Let's acknowledge the big grey pachyderm in the room straight away: Did Mercedes decide to favour runaway four-time winner Nico Rosberg at Lewis Hamilton's expense in Sochi on Sunday afternoon, just as the reigning champion was busily hacking down a 12.9sec gap to 7.5sec in 13 laps, looking all set to launch a late challenge to the German's pristine record in 2016?
Much was made in some quarters of the fact that Hamilton's falling water pressure seemed just a mite too convenient as he was asked to back off to save his engine, which then "miraculously" stabilised itself once the gap had opened up again.
Hamilton has apparently asked for a full report - as "nobody seemed to know too much about the odd readings from the PU (power unit)" that Mercedes boss Toto Wolff also reported on Rosberg's V6 turbo-hybrid engine.
Those same sources happily ignored all the work that Mercedes had put into Hamilton's car the previous evening and that morning, after it had suffered an identical energy recovery system problem to the one that had also stopped him after the second qualifying session a fortnight earlier in China.
The entire project had been guided by the need to avoid breaking parc ferme rules so that Hamilton could take up his 10th place on the grid rather than having to start from the back or from the pit lane.
The sabotage theories (suggesting Mercedes held Hamilton back) are nonsense. Why on earth would Mercedes want to favour one driver over another, let alone at this early stage of the season?
That meant using a spare engine first used in Melbourne, albeit fitted with a new turbocharger, control electronics and MGU-H energy recovery system, and also incorporating revised components such as the fuel system which had been homologated for the Russian race.
That in turn necessitated flying out a new system as there were insufficient spares at the track. It was flown in by chartered jet in the early hours, and the spare engine was then fitted with it so that it could be installed in Hamilton's Mercedes once it was released from parc ferme on Sunday morning before successfully being fired up in the garage.
"Hopefully all this illustrates the lengths to which we have gone to maximise his chances - a point that could usefully be made to those suggesting conspiracy or sabotage," a spokesman said, but the race problem apparently undid all that good work, in some minds.
Wolff said afterwards that insinuations on social media that they had favoured Rosberg by duping Hamilton into backing off needed to be tackled head-on.
Do I believe him? Yes, I do.
The sabotage theories are nonsense. Why on earth would Mercedes want to favour one driver over another, let alone at this early stage of the season? Could you imagine the potential fallout in sales if they were to do anything but play fair, and it became public knowledge?
With his fourth victory of 2016 and seventh in a row, Rosberg joins an elite fraternity comprising Alberto Ascari, Michael Schumacher and Sebastian Vettel - world champions all - who achieved the latter feat.
That's food for thought, and I'll confess here that early in the year before the season began, a little voice in my head said: "I think Nico could win it this year."

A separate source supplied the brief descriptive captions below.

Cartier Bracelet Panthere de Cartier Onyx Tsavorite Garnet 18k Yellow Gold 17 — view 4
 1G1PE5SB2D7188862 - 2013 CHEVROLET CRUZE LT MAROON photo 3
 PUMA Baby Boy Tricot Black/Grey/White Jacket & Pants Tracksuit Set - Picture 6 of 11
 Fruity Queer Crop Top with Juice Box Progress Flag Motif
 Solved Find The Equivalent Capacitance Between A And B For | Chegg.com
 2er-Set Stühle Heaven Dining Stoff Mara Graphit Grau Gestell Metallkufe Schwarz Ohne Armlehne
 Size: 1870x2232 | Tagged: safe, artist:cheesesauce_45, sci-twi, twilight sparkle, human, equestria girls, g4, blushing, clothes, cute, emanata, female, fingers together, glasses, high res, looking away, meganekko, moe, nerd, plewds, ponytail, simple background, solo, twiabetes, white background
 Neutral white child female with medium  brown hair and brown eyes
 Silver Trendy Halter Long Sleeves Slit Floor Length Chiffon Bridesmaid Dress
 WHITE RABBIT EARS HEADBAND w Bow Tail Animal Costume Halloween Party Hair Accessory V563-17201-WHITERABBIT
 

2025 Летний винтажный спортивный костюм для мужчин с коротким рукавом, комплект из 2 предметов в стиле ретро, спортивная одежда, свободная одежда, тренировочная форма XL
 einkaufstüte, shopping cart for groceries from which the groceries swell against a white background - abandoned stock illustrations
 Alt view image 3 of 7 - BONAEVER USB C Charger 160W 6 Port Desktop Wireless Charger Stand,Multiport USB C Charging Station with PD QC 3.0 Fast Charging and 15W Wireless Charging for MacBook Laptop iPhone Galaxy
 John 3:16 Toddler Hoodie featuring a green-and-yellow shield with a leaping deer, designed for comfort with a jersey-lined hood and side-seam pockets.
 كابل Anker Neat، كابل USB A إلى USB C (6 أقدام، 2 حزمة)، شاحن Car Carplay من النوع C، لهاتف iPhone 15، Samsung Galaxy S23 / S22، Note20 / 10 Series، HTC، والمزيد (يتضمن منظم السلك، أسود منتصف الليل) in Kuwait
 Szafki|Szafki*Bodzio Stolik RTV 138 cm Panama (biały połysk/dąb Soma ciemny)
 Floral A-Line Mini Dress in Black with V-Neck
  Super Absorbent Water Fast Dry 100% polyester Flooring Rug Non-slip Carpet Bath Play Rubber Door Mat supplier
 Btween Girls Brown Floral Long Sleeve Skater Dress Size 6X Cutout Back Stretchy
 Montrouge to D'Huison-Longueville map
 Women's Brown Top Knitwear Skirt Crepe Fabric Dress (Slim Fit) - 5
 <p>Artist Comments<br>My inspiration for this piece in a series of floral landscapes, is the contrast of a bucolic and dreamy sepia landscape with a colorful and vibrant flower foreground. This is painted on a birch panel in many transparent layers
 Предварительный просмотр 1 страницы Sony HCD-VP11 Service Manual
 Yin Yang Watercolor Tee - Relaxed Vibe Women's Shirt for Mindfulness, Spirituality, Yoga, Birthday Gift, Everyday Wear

Will he? If he carries on like this, he's going to be very hard to beat, especially as rivals Hamilton and Sebastian Vettel have had tough luck lately. Certainly the former has demonstrated the speed to beat him, but recently the luck has deserted him, it's as simple as that.
Rosberg is fond of saying that there are still a lot of races to go in this longest-ever season, and he knows that what goes around comes around.
He's certainly not looking for feathered birds to count just yet. Nor should we.
But we should all sit back and savour what lies ahead, as he tries to keep his roll going, and Hamilton (and Ferrari, hopefully), do everything they can to claw back his advantage. I have a feeling we are going to be very grateful that there are 21 races this year.